What you will do
From the entries that follow, copy exactly the lines beginning at the line holding "Jaya Jaya NICOLE" and continuing through the line holding "明るい店内の奥には隠れ家のような落ち着いた雰囲気となってます".

Raw data
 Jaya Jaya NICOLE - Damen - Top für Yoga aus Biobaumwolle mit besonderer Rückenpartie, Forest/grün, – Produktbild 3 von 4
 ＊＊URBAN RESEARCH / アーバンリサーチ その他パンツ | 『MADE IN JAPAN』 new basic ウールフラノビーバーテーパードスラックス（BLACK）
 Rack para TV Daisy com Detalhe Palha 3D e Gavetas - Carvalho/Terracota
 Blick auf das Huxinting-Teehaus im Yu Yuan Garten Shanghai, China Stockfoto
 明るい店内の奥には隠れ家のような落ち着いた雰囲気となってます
* * *
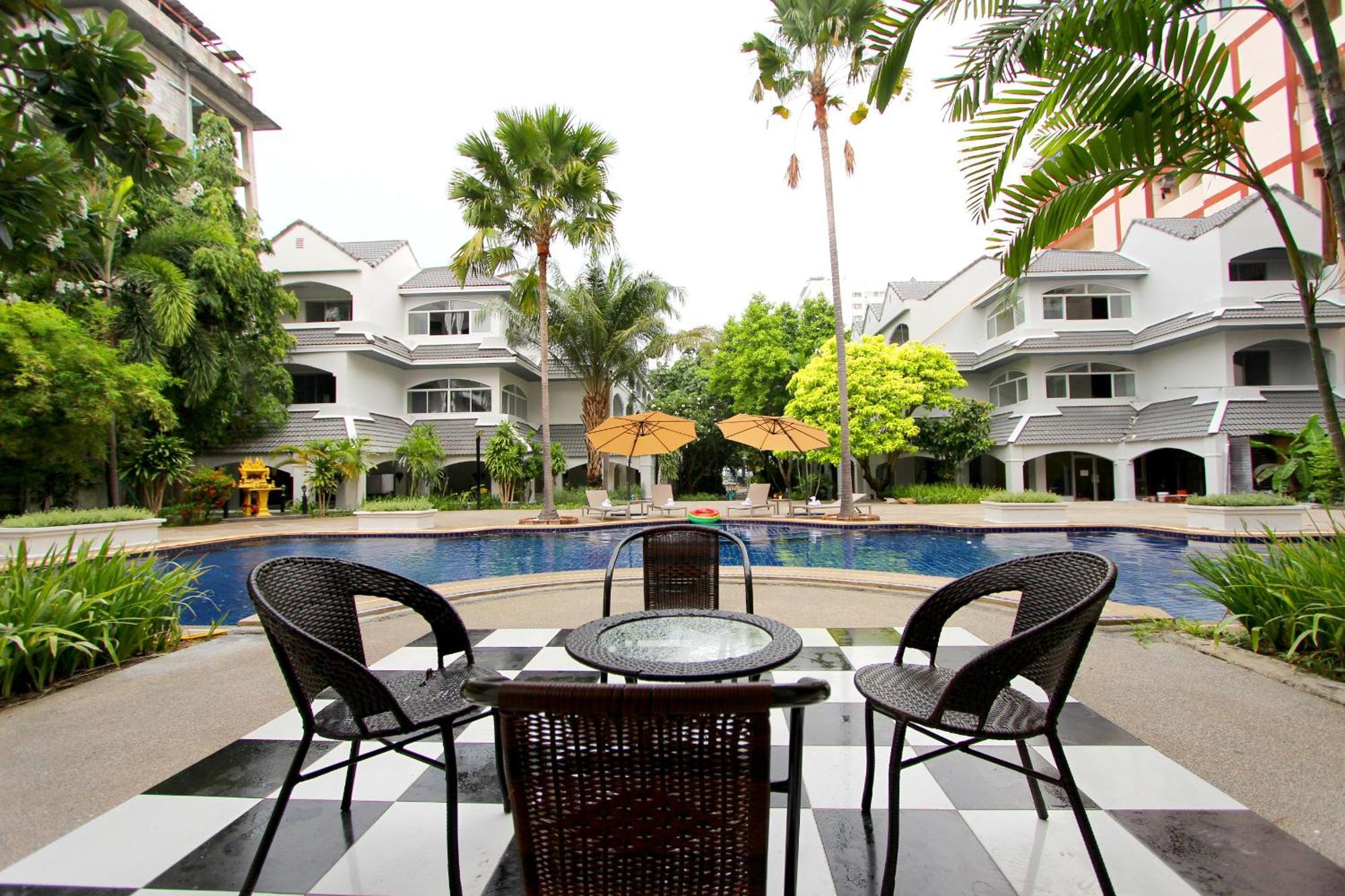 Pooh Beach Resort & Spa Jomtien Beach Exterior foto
--
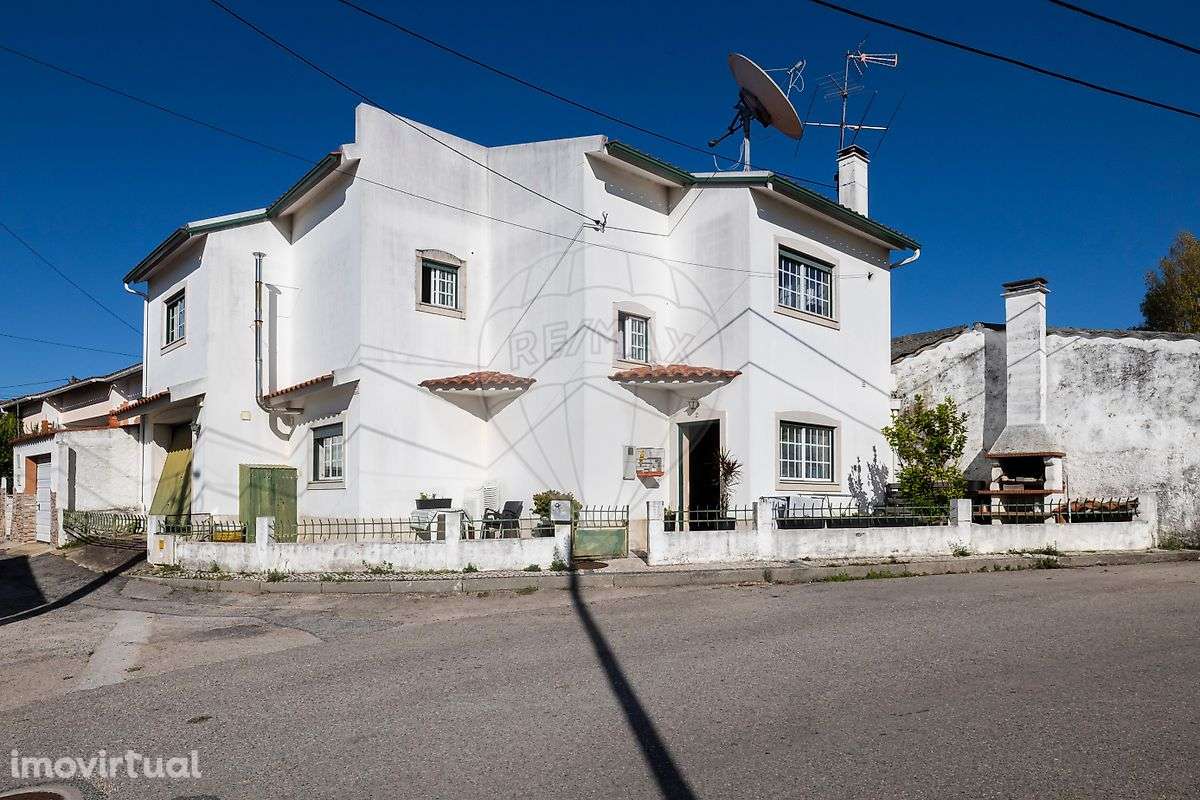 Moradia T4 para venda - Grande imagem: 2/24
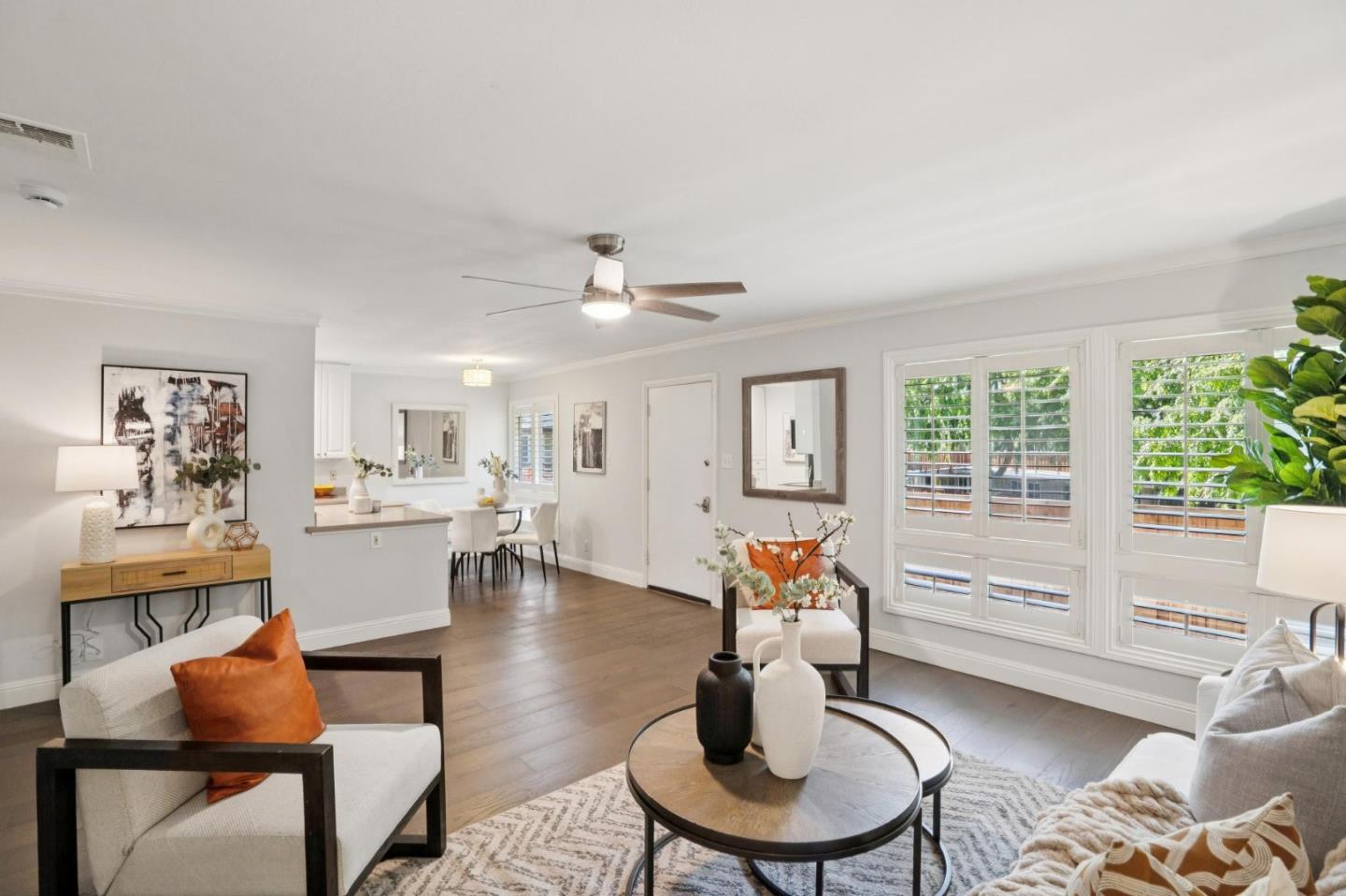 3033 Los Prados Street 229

Written solution
 Jaya Jaya NICOLE - Damen - Top für Yoga aus Biobaumwolle mit besonderer Rückenpartie, Forest/grün, – Produktbild 3 von 4
 ＊＊URBAN RESEARCH / アーバンリサーチ その他パンツ | 『MADE IN JAPAN』 new basic ウールフラノビーバーテーパードスラックス（BLACK）
 Rack para TV Daisy com Detalhe Palha 3D e Gavetas - Carvalho/Terracota
 Blick auf das Huxinting-Teehaus im Yu Yuan Garten Shanghai, China Stockfoto
 明るい店内の奥には隠れ家のような落ち着いた雰囲気となってます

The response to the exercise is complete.